Cigarettes pollute ten times more than diesel engines

Ten times more air pollution is produced by cigarette smoke than from the exhaust fumes emitted by diesel-powered vehicle, a report released this week has stated.

Released by the British Medical Association (BMA) following experiments conducted by the Tobacco Control Unit at the National Cancer Institute in Italy, the study comprised the readings taken from a turbo diesel two litre engine left running and from three filter cigarettes left smouldering, both for a period of 30 minutes.

An hour later the combined particulate levels, which also cause cancer (see related story), were ten times higher for the cigarettes than for the car. The diesel engine was found to produce double the particulate matter measured outdoors at the time, while the cigarettes produced 15 times more.

A statement released this week by leading air pollution expert, Joel Schwartz of Harvard Medical School, branded diesel emissions a “public health disaster”. So, according to Dr Giovanni Invernizzi who conducted the study, having proved that air pollution from cigarette smoke is ten times more harmful than diesel exhaust fumes should act as a red light to those reluctant to tackle the UK’s smoking epidemic.

Dr Invernizzi told edie: “Indoor pollution created by cigarette smoke, especially in pubs, discos and restaurants, greatly exceeds that produced by vehicles at the world’s most crowded city road crossings. More detailed research is now needed to identify exactly to what extent cigarette pollution is contributing to global warming.”

Research has long shown that smoking is bad for our health, but evidence that it is also harmful to the environment (see related story) is now beginning to mount, raising public awareness.

Discussions on whether smoking should be banned in public places have been rife over the past year, following the Mayor of London’s controversial Big smoke survey and ensuing Government debates on the matter.

Following Ireland recently imposing restrictions on smoking and growing concerns about its effects, the hospitality industry has predicted that four out of five restaurants will be smoke-free within two years.

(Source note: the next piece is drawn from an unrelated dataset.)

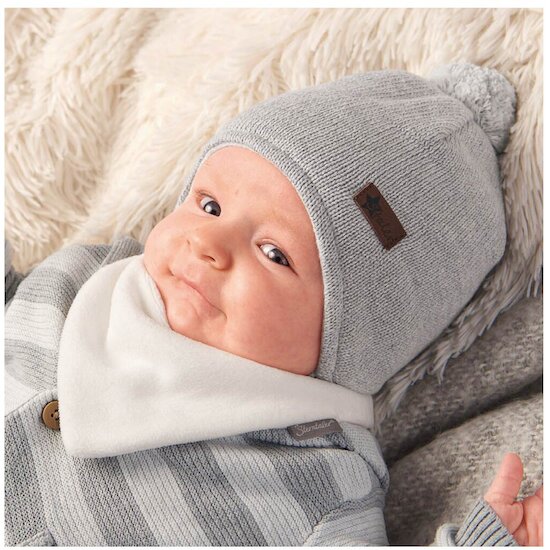 Sterntaler Bonnet tricot Argent Mel.  Sterntaler Bonnet tricot Argent Mel.
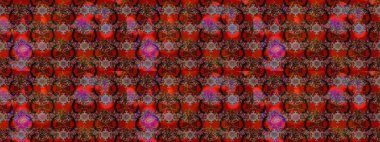 Çiçekler suluboya tarzında kahverengi ve kırmızı renklerde. Raster illüstrasyonunda çiçek deseni çizimi.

Celebrity chef Jamie Oliver recently joined the trend toward keep our air clean by banning smoking at his London eaterie, Fifteen. Gordon Ramsay has also announced he will do the same at all seven of his restaurants next month.

London Mayor Ken Livingstone said in a statement this week of the capital’s air quality problem: “London is doing as much as it can to meet the Government and the EU’s air quality standards. I am making London a low emission zone and I have produced London’s first air quality strategy. But we are still a long way from guaranteeing Londoners the clean air they have every right to expect.”

The Mayor’s Office was not immediately available to comment on the implications that this report would have on proposals to make London a smoke-free zone.